Urban square in Szczecin, Poland

The Revival Square (Polish: Plac Odrodzenia) is an urban square and a roundabout in Szczecin, Poland. It is located in the neighbourhood of Centrum, within the district of Śródmieście, at the intersection of Mazurska Street, Monte Cassino Street, and Piłsudskiego Street. It was designed in 1882.

== History ==
The square was designed in 1882, and originally named the Friedrich Karl Square (German: Friedrich-Karl-Platz), after Friedrich Karl of Prussia, a prince in the Prussian royal family and the general field marshal of the Prussian Army. It was surrounded with electrified multi-storey tenement houses, originally richly decorated with details such as railing, roof peaks, and domes. Most of the decorations did not survive the Second World War. Several of the buildings were also rebuilt or modified after the war.

In 1946, at the square was set up the station of the provisional railway used to dispose of the rubble from the area after the conflict.

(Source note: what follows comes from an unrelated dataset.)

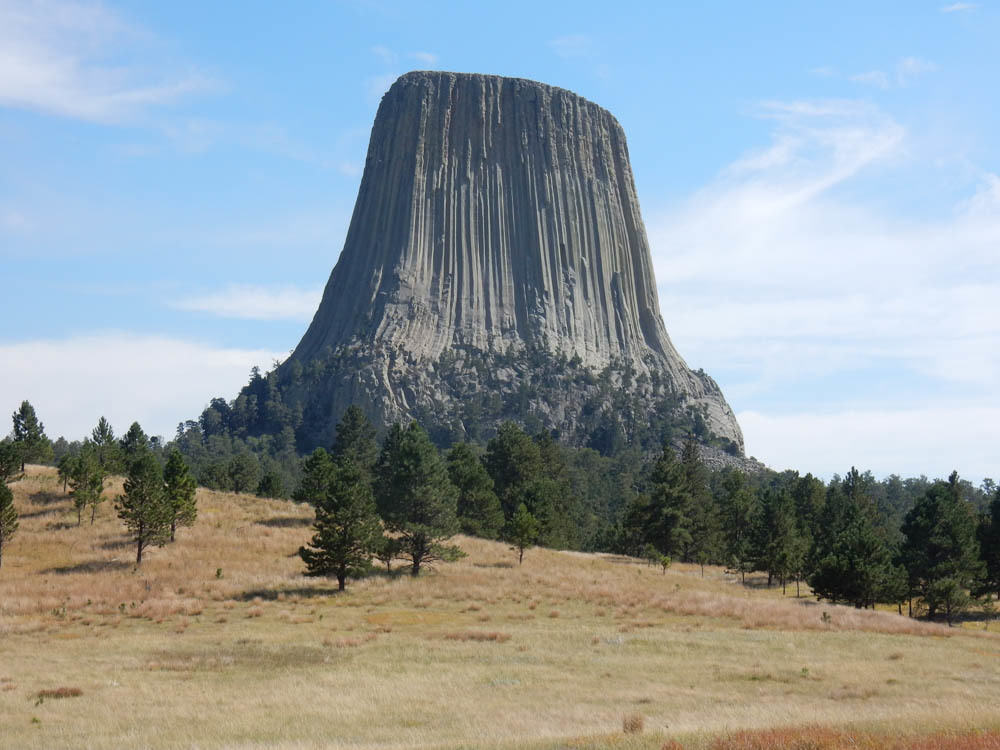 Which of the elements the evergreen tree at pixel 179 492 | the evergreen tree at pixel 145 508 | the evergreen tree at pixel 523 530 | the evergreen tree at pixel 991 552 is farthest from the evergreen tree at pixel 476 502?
the evergreen tree at pixel 991 552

In 1945, it was renamed to the Joseph Stalin Square (Polish: Plac Józefa Stalina), after Joseph Stalin, a politician and communist revolutionary who led the Soviet Union from 1924 to 1953. In 1956, it was renamed to its current name, the Revival Square (Polish: Plac Odrodzenia).

== Characteristics ==
Revival Square is located in the neighbourhood of Centrum, and placed on the axis of Piłsudskiego Street, between Grunwald Square to the east and Grey Ranks Square to the west. It forms a roundabout at the intersection of Mazurska Street, Monte Cassino Street, and Piłsudskiego Street. It is also crossed by the tram tracks, than run through Piłsudskiego Street. The square is surrounded by tenements.